As the hunter travels toward his stand on foot, a scent trail is laid down step after step. It is very important to use footwear with a rubber bottom, especially for stand hunting. The rubber bottom helps to minimize the transfer of odours from the foot to the ground. Also, this pair of boots should only be used for hunting in order to keep all foreign odours to minimum.
Walking to the tree stand requires a certain amount of work. Dress for travel should always be light to minimize perspiration. Also, a small backpack should be used to carry warm clothes and gear for ease of travel. It does a hunter no good to wear clean clothes if he sweats them up during travel and transmits a strong odour on the stand.
One of the most important aspects of stand hunting is when to travel to and from the tree stand. Most hunters have learned to travel to a stand during the animal’s bedding time for the evening hunt, but very few hunters exercise the patience to wait and leave a stand once the deer have cleared the immediate area after dark. If departure from the stand takes place when deer are in hearing distance, it takes little time for the bucks to pattern the hunters and stay clear of the stand. Good low light binoculars are essential for the hunter to check the immediate area and to make an undetected departure. Mature bucks seem to have a great talent for locating tree stands and staying well out of bow range. For this reason, it is imperative that a hunter makes the utmost effort to keep his stand a secret.

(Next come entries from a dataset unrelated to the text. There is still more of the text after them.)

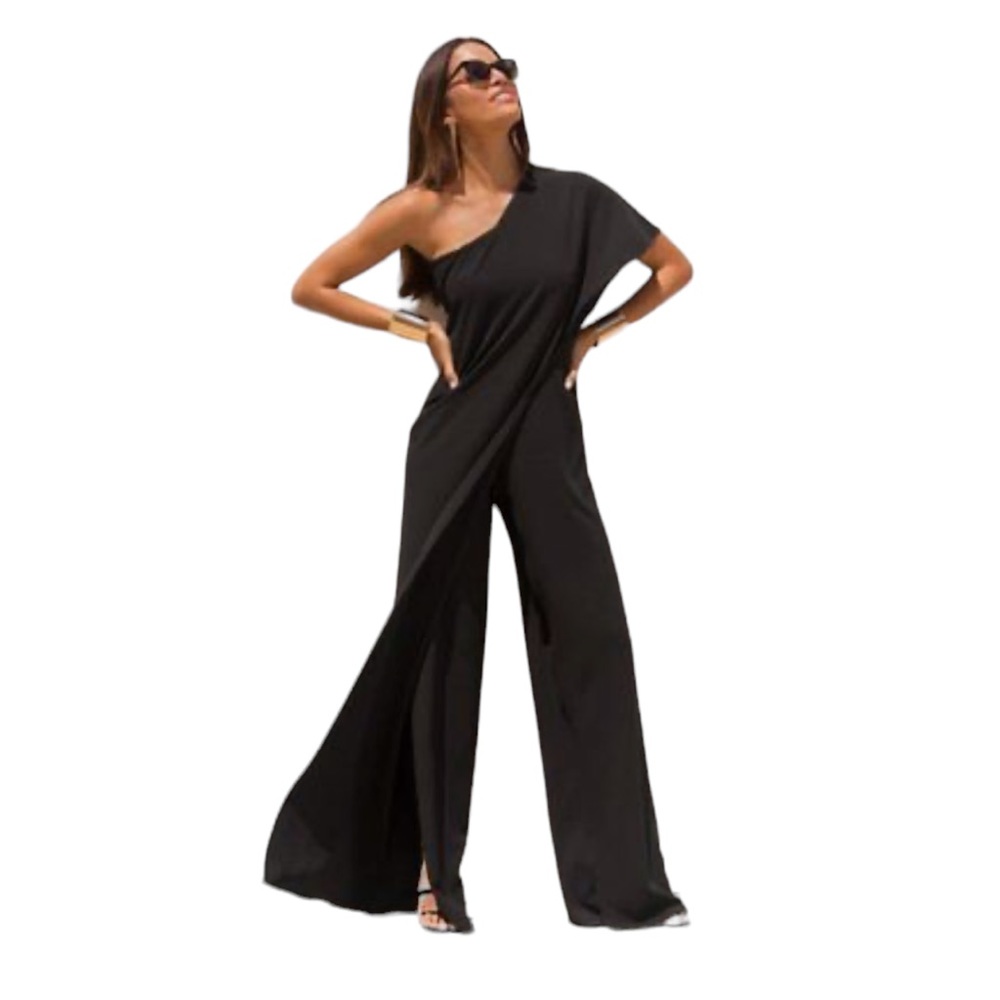 Alexia Admor size 12 new with tags one shoulder black wrap jumpsuit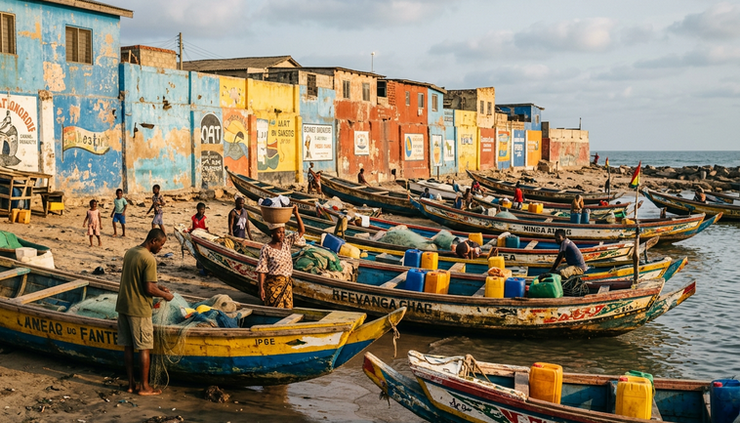 Eye-level view of fishing boats and painted walls in Jamestown, Accra.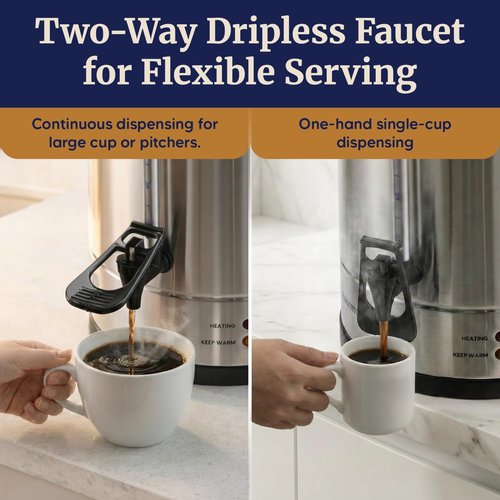Elite Gourmet 100-Cup Coffee Urn & Hot Water Boiler - Dual-Wall Insulated, Dripless Faucet, Stainless Steel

Stand Sites and Installation
Placing a tree stand for a bowhunter which does not affect the travel patterns of deer frequenting the area is a challenge. The hunter has two options at his disposal. First, the stand can be placed just prior to its use so a buck has no opportunity to find the stand or a stand can be placed and left until the deer becomes used to its presence.
However you intend to set up your stand, there are a few things which can help to minimize disturbance. First, use a small pack to carry your tree stand tools. Your tools should include rubber gloves, limb shears and a limb saw.
The rubber gloves are used to install steps and clear limbs without leaving scent. It would be pointless to install a scentless stand and steps and cover them with human odour in the process. The limb shears are used to trim only the necessary branches. The limb saw is used to clear large branches which can’t be cleared with the smaller shears. The limb saw leaves more scent behind as it produces sawdust. Shears make a clean cut and create less odour from the tree. Be sure to leave no foreign odours at your stand, such as garbage or urine.
If a vehicle is used to take you to your stand site, odour can be drastically reduced by working right from the vehicle, never touching the ground during installation. It is important to place the stand making as few changes to the area as possible.
The consistently successful trophy whitetail bowhunter must pay grave attention to detail. There have been countless stories told of how close a hunter has been to capitalizing on his opportunity when the smallest detail quickly ended what seemed to be an almost sure-fire thing. The dedicated whitetail enthusiast must continually strive to put all he can in his favour to minimize the problems which can arise when closing in on his chance of a lifetime. When it comes to whitetails, it’s the details that cost you.